2. Suspicion, if someone is using the machine dozens of times per month—who needs that many social-media signups or whatever?

3. There's no way to test if a token has already been used, except to spend it. By making reseller fraud easy, it makes the black-market harder, unless a seller also creates a durable (investigate-able) reputation. I suppose people could watch the vending-machine being used, but that adds another hard-to-scale physical requirement.

[michaelt]

> 2. Suspicion, if someone is using the machine dozens of times per month—who needs that many social-media signups or whatever?

Anyone who visits pornhub and doesn't want to open an account?

[mindslight]

Yeah, introducing real world friction is seemingly one of the only ways of actually solving the problems of frictionless digital systems (apart from computational disenfranchisement, of course).

It might be a better idea to frame your idea in terms of online interactive proofs rather than offline bearer tokens.

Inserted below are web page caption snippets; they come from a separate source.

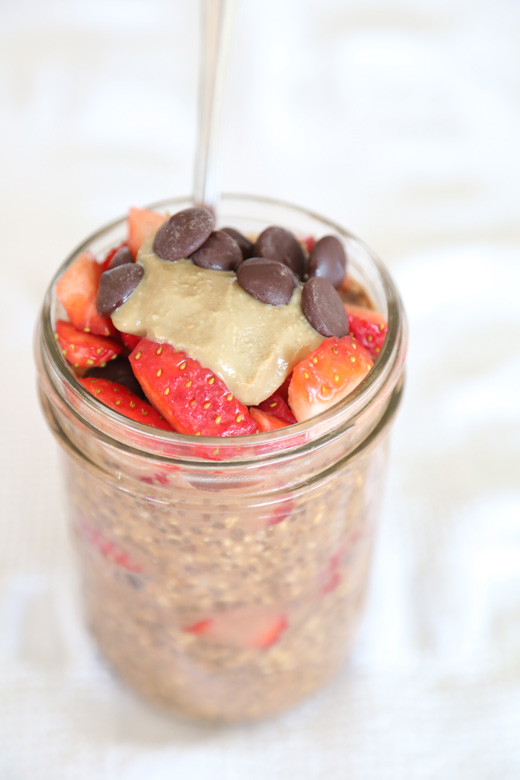 Chocolate-Covered-Strawberry-Overnight-Oats-4
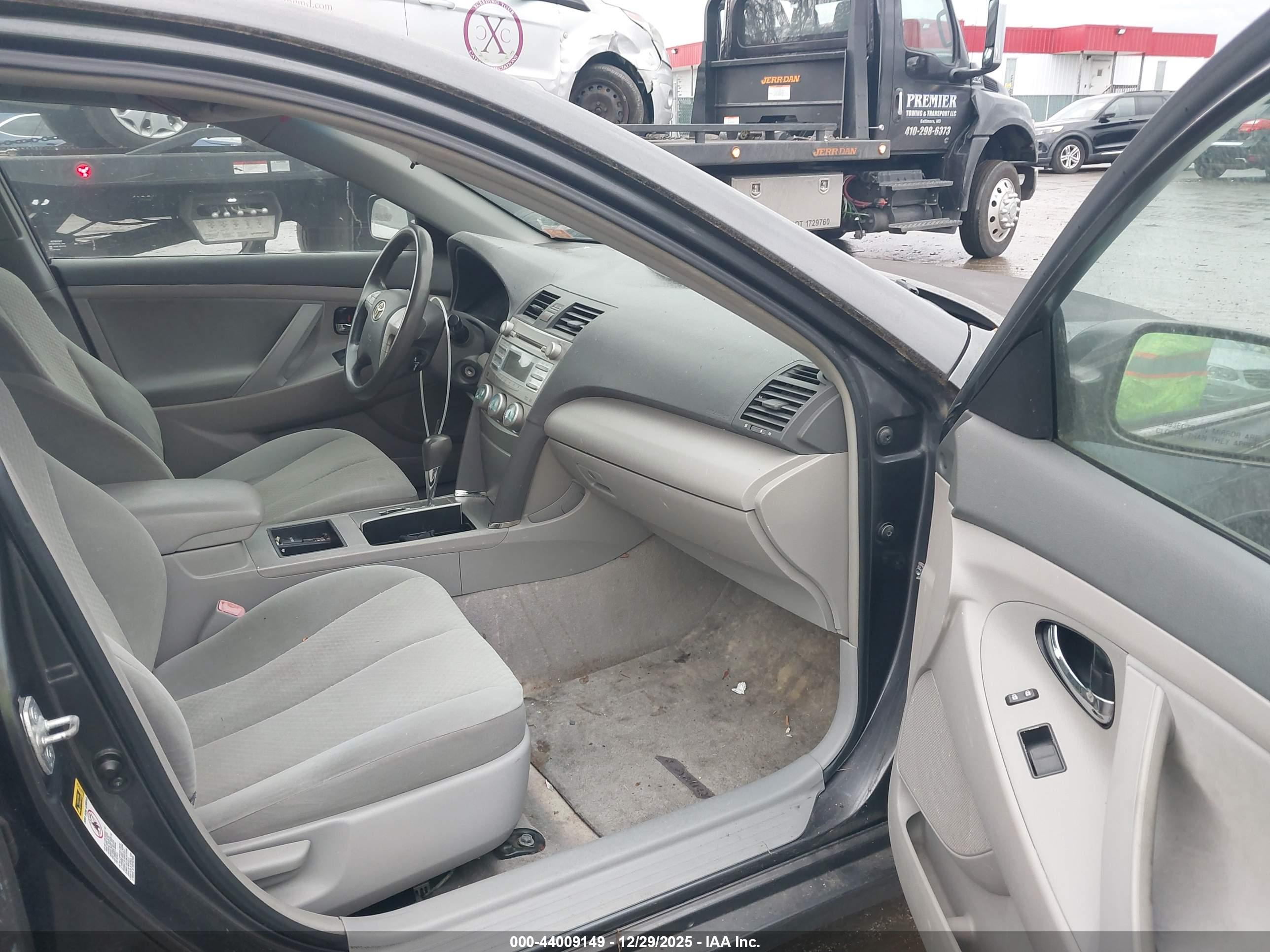 TOYOTA CAMRY image 5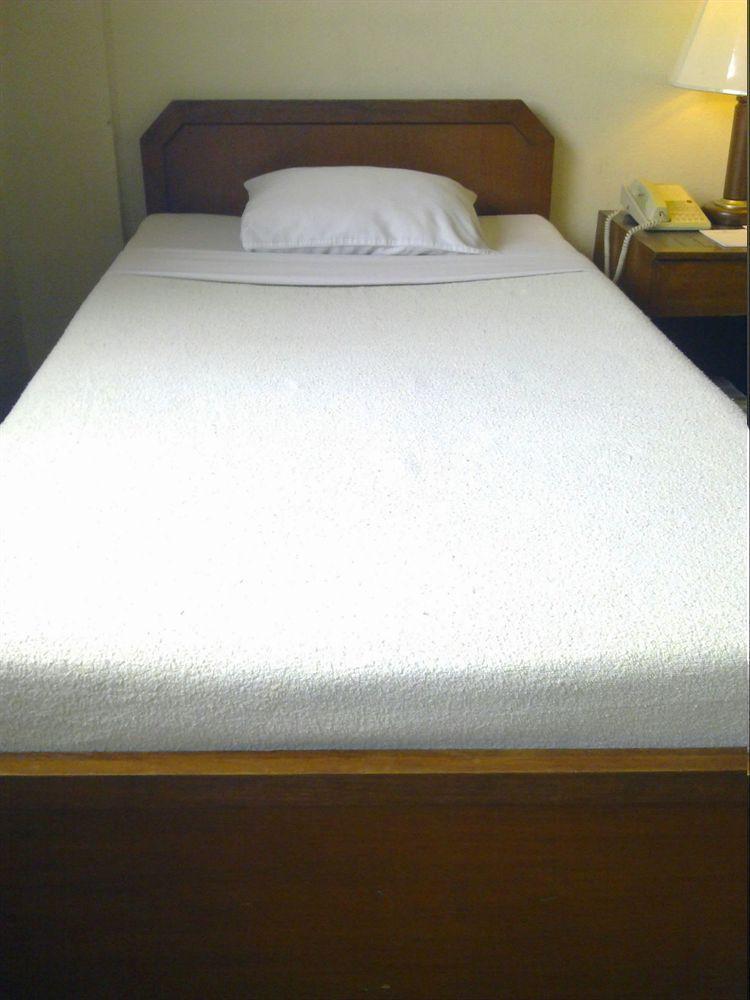 Mabini Mansion Hotel & Residential Suites 马尼拉 外观 照片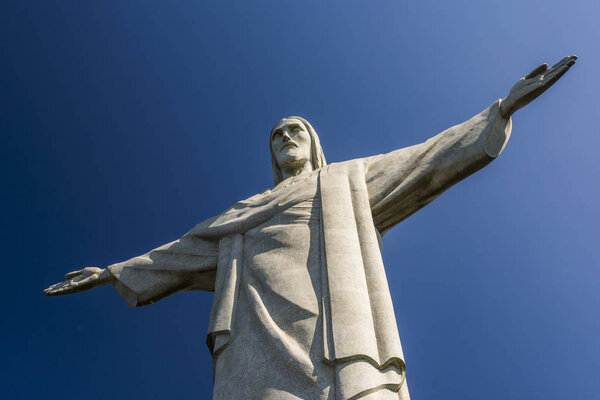 Статуя Кристо-Редентора на вершине Морро-ду-Корковадо
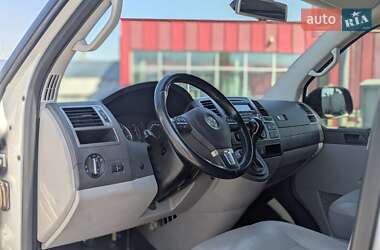 Минивэн Volkswagen Caravelle 2013 в 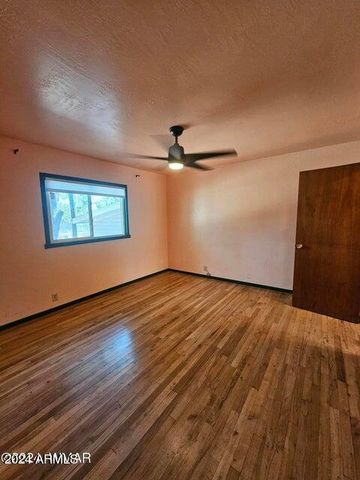 140 W NIKOLAUS --, Show Low, AZ 85901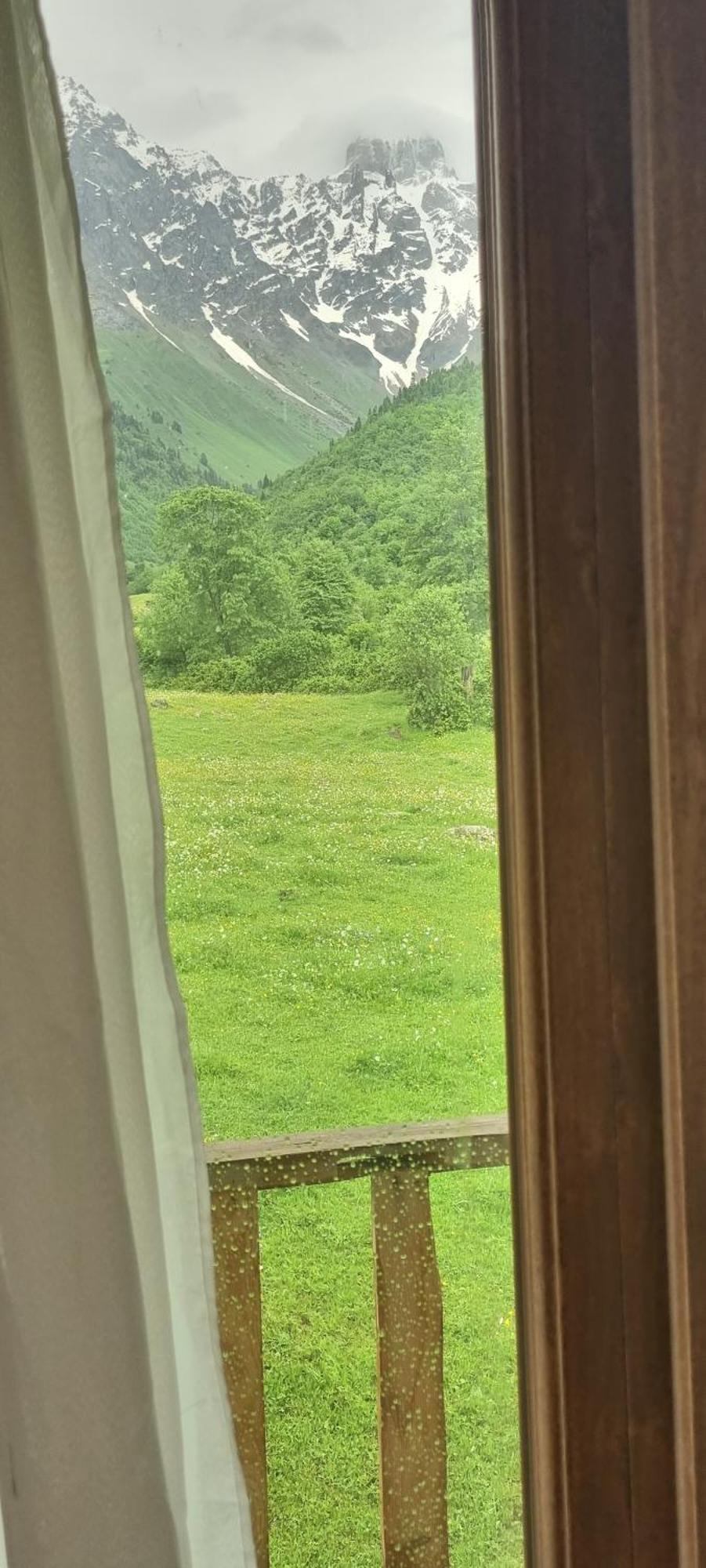 Peak Mazeri Guest House Bilik gambar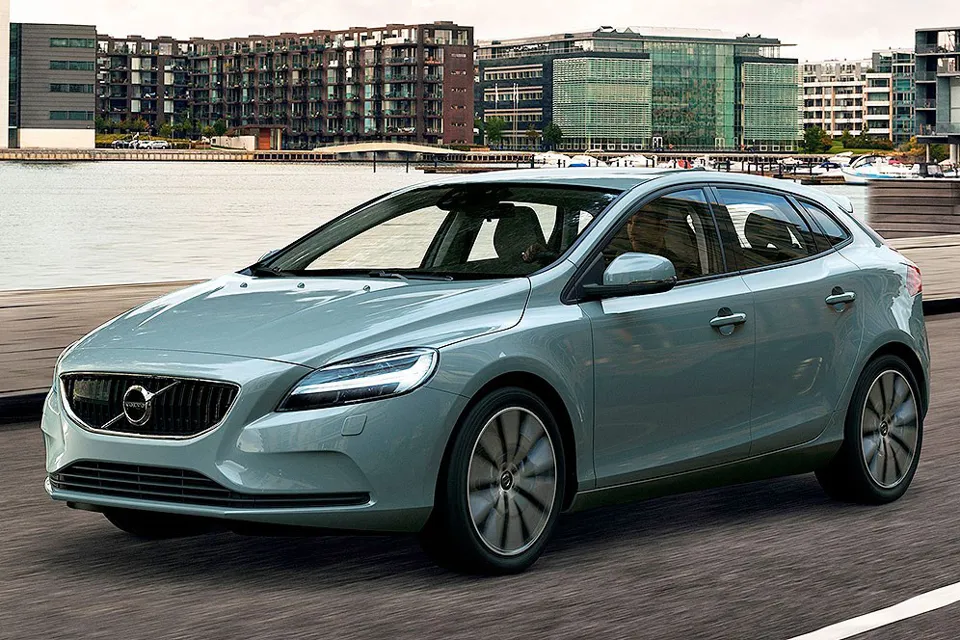 Volvo V40 hatchback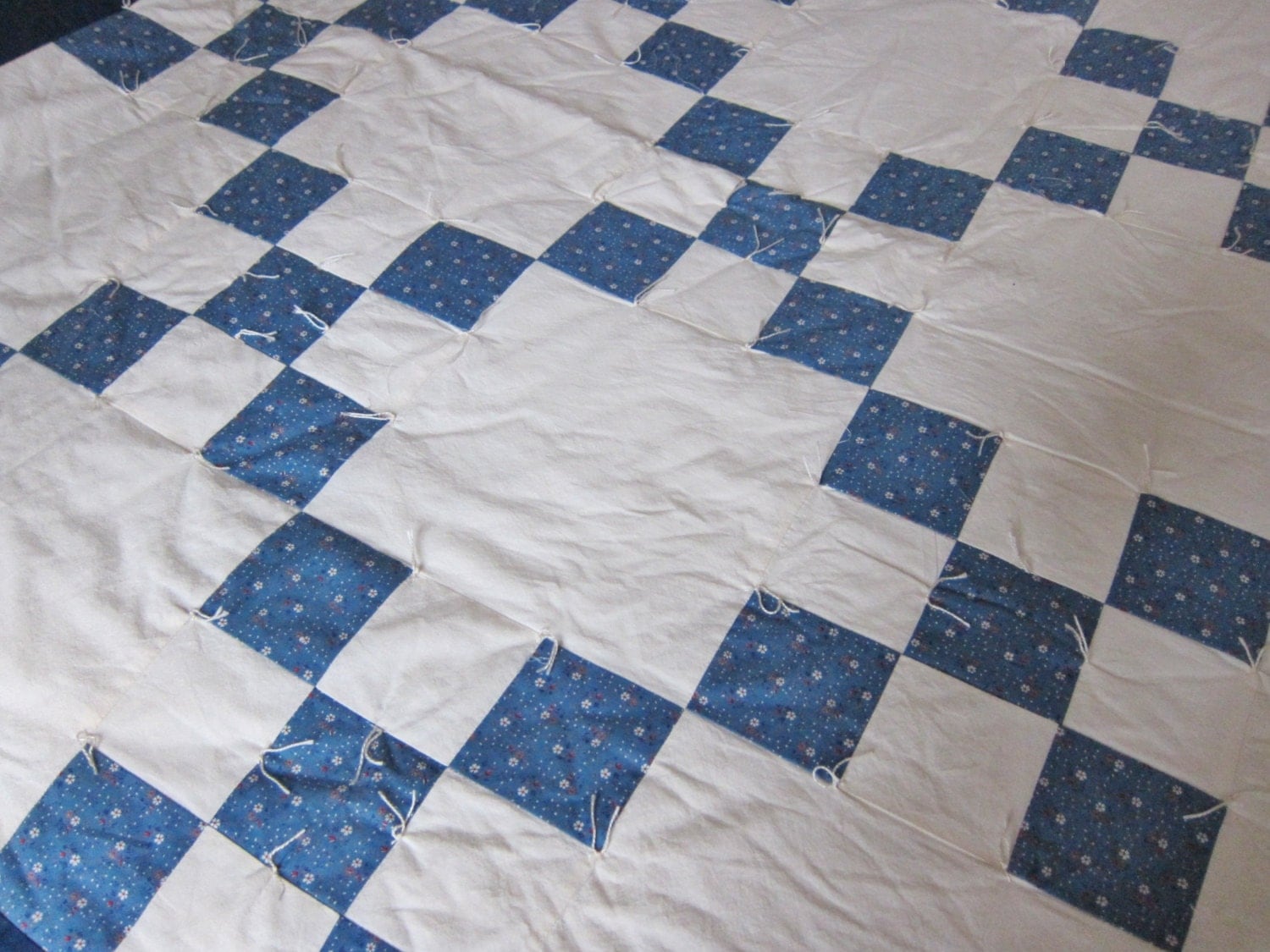 blue-quilt-irish-chain-homemade-quilt-blue-white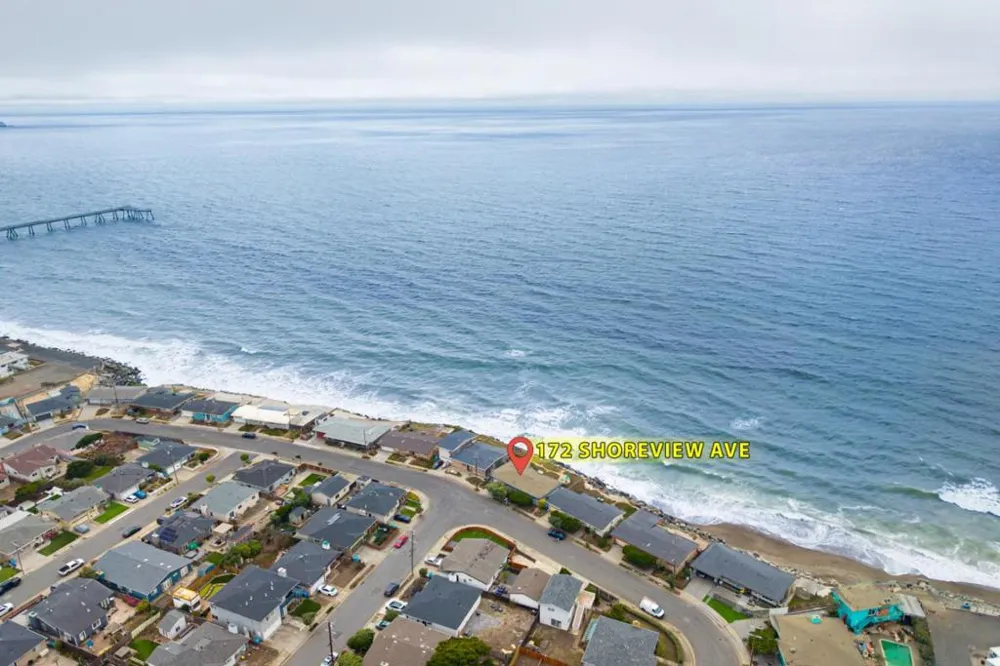 172 Shoreview Avenue Pacifica, CA 94044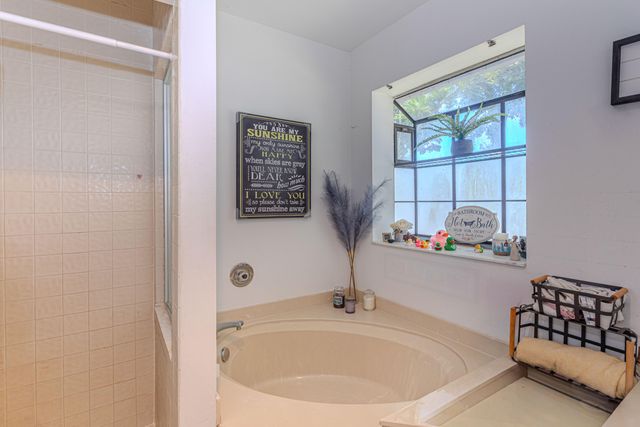 6670 Canary Palm Circle, Boca Raton, FL 33433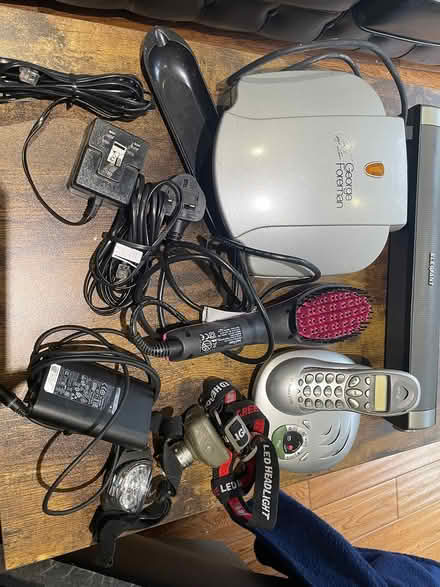Photo of free Electronic items (old or broken) (SE16) #1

It's of course a lot less private/convenient to have to bring a phone or other cell-modem enabled device to the vending machine, especially for the average person who won't exercise good digital hygiene. Still, some sort of high-latency challenge-proof protocol is likely the way to go, because bearer tokens still seem too frictionless.

For example (3) could be mitigated with an intermediary marketplace that facilitated transactions with escrow. If tokens were worth say $2, then even just getting 10 at a time to sell could be worth it for the right kind of person. And personally I'd just get 10 tokens myself simply to avoid having to go back to the machine as much. In fact the optimal strategy for regular power users might be to get as many tokens as you think you might need to use (even if you have to pay for them), and then when they near expiration time you sell them to recoup your time/cost/whatever.

[Terr_]

My concern with some "bring your phone and use it immediately" scheme is that someone could pierce the privacy by looking at a correlation between the time an account was mode or a pattern of network-traffic occurred, versus the time someone was using/near the vending machine.

Adding large and unpredictable amounts of latency makes that kind of correlation weaker and hopefully impractical.

[mindslight]

That's what I meant by "high latency". Workflow would be something like go to sign up to a site, site issues a challenge which is stored in your browser, then sometime in the next week/month/year you stop by the vending machine which generates a proof for the challenge, then you can finish the signup flow for the site in the next week/month/year.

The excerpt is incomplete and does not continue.